黄斑変性
早期発見と治療が重要です
黄斑変性とは?
黄斑変性(Age-related Macular Degeneration, AMD)は、網膜の中心部である黄斑に変性が起こり、視力が徐々に低下する疾患です。主に50歳以上で発症し、先進国における高齢者の失明原因として最も多い疾患の一つです。

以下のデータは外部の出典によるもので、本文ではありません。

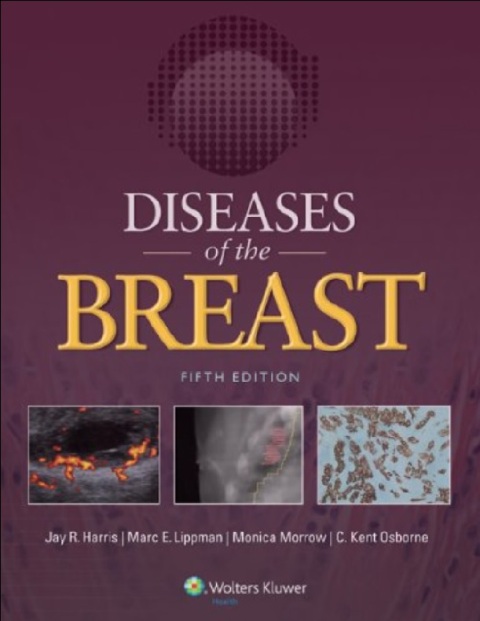 Diseases of the Breast 5e Fifth Edition.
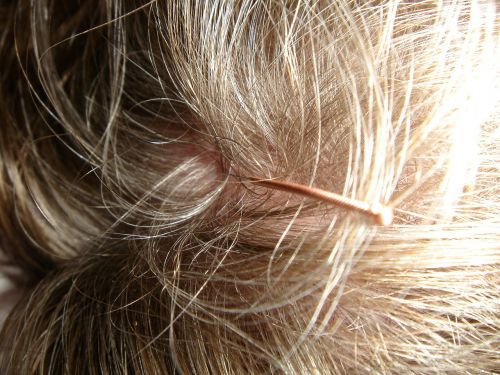 acupuncture acupuncture needle scalp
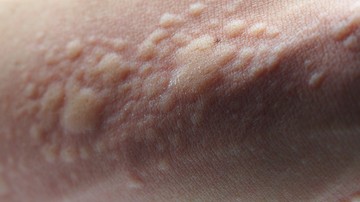 viszketés, csalánkiütés, allergia, ekcéma, krónikus csalánkiütés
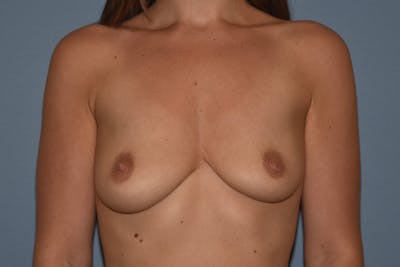 Breast Augmentation Lift Before & After Gallery - Patient 219825 - Image 1
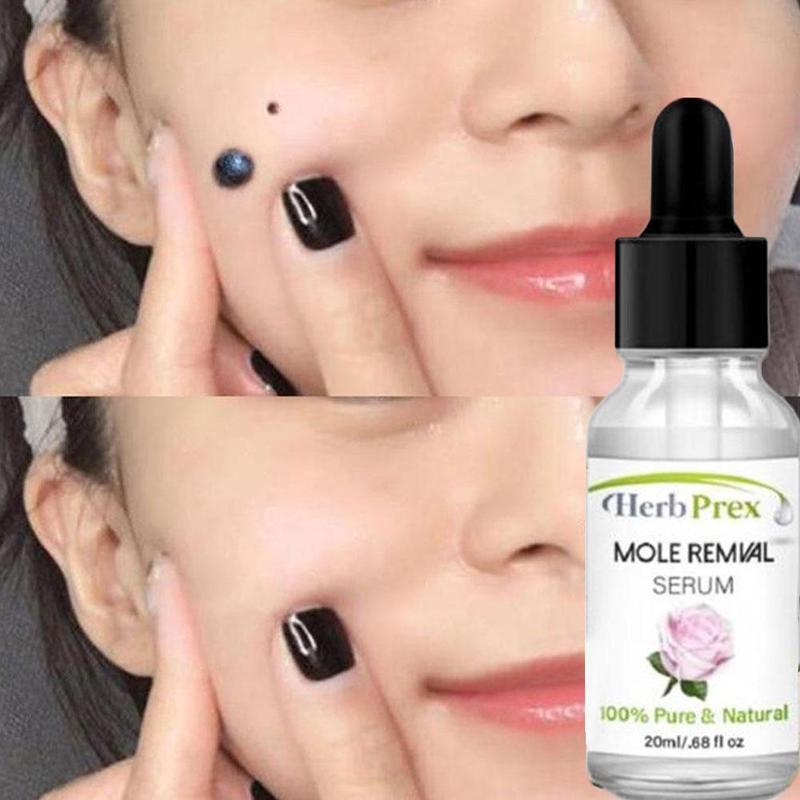 Mole Removal Serum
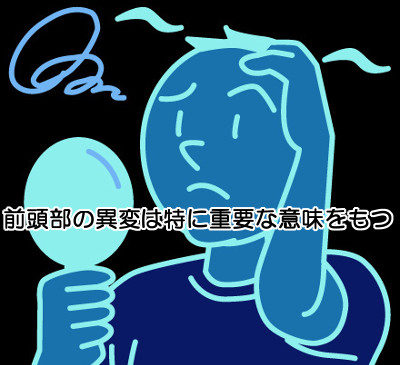 前髪が薄くなってきたのならＡＧＡを発症している可能性があるのでこれからの生活を改める必要があります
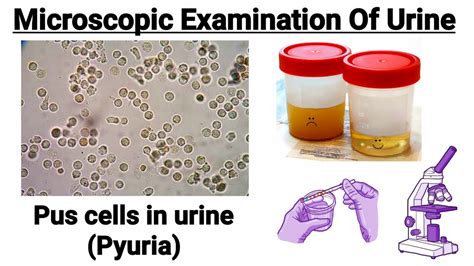 pus cells in urine normal value|Pyuria: Causes, Symptoms, Management & Treatment.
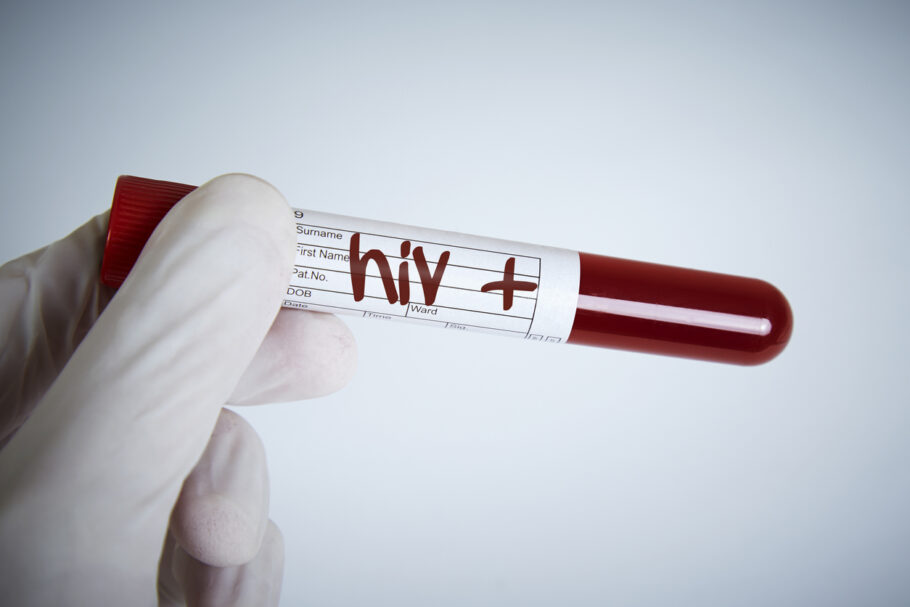 O HIV enfraquece a capacidade do organismo de combater infecções e doenças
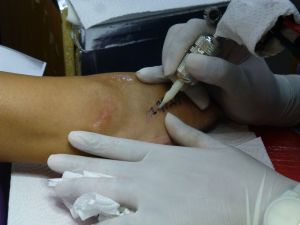 Yup, it hurt a little...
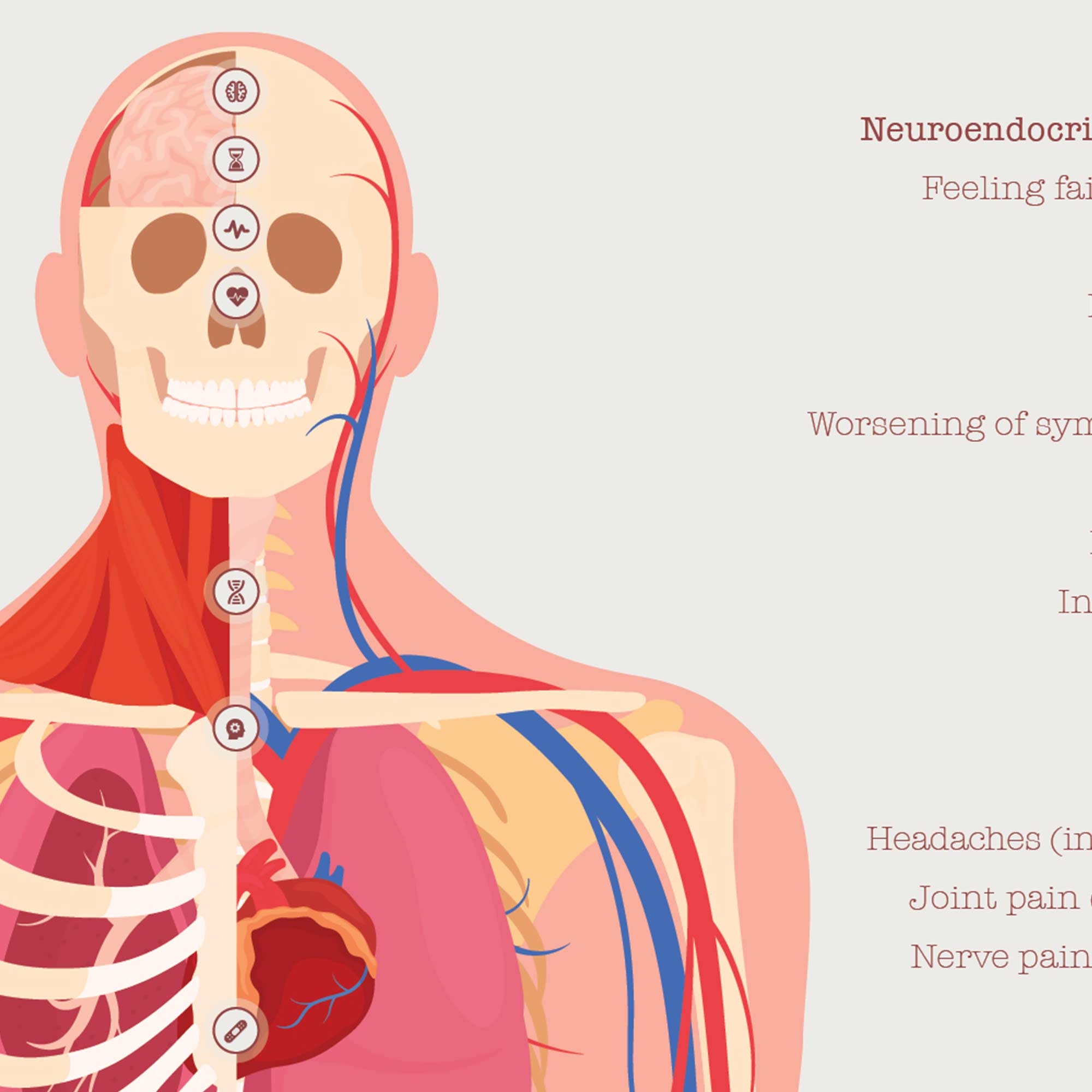 Chronic Fatigue Sindrome chart with Diagnostic Check, Common Symptoms & Risk Factors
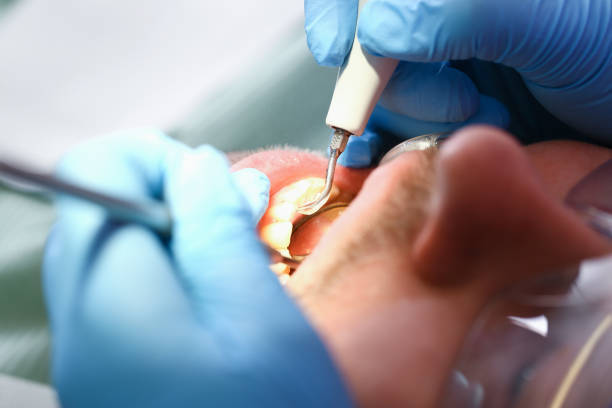 Best Emergency Denture Repair in Oolitic, IN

黄斑は視力の90%以上を担う非常に重要な部位で、文字を読んだり顔を認識するなどの繊細な視覚作業に不可欠です。黄斑変性が進行すると視野の中心部がぼやけたり歪んだりし、日常生活に深刻な支障をきたします。
黄斑変性の種類
萎縮型黄斑変性
- 全黄斑変性の約85〜90%を占める
- 黄斑部にドルーゼン(老廃物)が蓄積
- 視力低下が徐々に進行
- 重症の場合、地図状萎縮に進展
- 現在のところ根本的な治療法はないが進行を遅らせることは可能
滲出型黄斑変性
- 全黄斑変性の約10〜15%を占める
- 異常な新生血管が黄斑の下で成長
- 新生血管から出血や滲出が発生
- 治療しなければ急激な視力低下を招く
- 早期発見時、抗VEGF注射で効果的な治療が可能
主な症状
アムスラーチャート検査(Amsler Grid Test)
アムスラーチャートは黄斑変性の自己診断に用いられる簡単な検査ツールです。チャートの中心点を片目で見つめた際に、線が曲がったり途切れたり、チャートの一部が見えなくなったりする場合は黄斑の異常が疑われるため、直ちに眼科専門医の診察をお受けください。
片目を隠し、30cmの距離で中心点を見つめてください
治療方法
抗VEGF注射(Anti-VEGF Injection)
滲出型黄斑変性の第一選択治療で、異常な新生血管の成長を抑制する薬剤を眼内に直接注射します。ルセンティス(Lucentis)、アイリーア(Eylea)、アバスチン(Avastin)などの薬剤が使用され、定期的な注射により視力を維持・改善することができます。
- -施術時間:約5〜10分(点眼麻酔下で実施)
- -初回3回連続注射後、経過観察して追加注射を決定
- -定期的なOCT検査で治療反応をモニタリング
光線力学療法(PDT, Photodynamic Therapy)
光感受性薬剤(ビスダイン)を静脈注射した後、薬剤が新生血管に蓄積されると特殊レーザーを照射して新生血管のみを選択的に破壊します。周囲の正常組織への損傷を最小限に抑えることができ、特定タイプの黄斑変性に効果的です。
萎縮型黄斑変性の管理
萎縮型黄斑変性はAREDS2フォーミュラ(ルテイン、ゼアキサンチン、ビタミンC、ビタミンE、亜鉛など)を含むサプリメントの服用と定期的なモニタリングにより進行を遅らせることができます。滲出型への移行の有無を注意深く観察する必要があります。
黄斑変性の予防法
定期検診
50歳以上であれば年に1回以上の眼底検査をお受けください。
禁煙
喫煙は黄斑変性のリスクを2〜3倍高めます。必ず禁煙しましょう。
紫外線対策
外出時はサングラスを着用し、紫外線から目を守りましょう。
バランスのよい食事
緑黄色野菜、魚などオメガ3とルテインが豊富な食品を摂取しましょう。
体重管理
肥満は黄斑変性のリスク因子です。適正体重を維持しましょう。
血圧・血糖管理
高血圧と糖尿病は黄斑変性の進行を促進する可能性があります。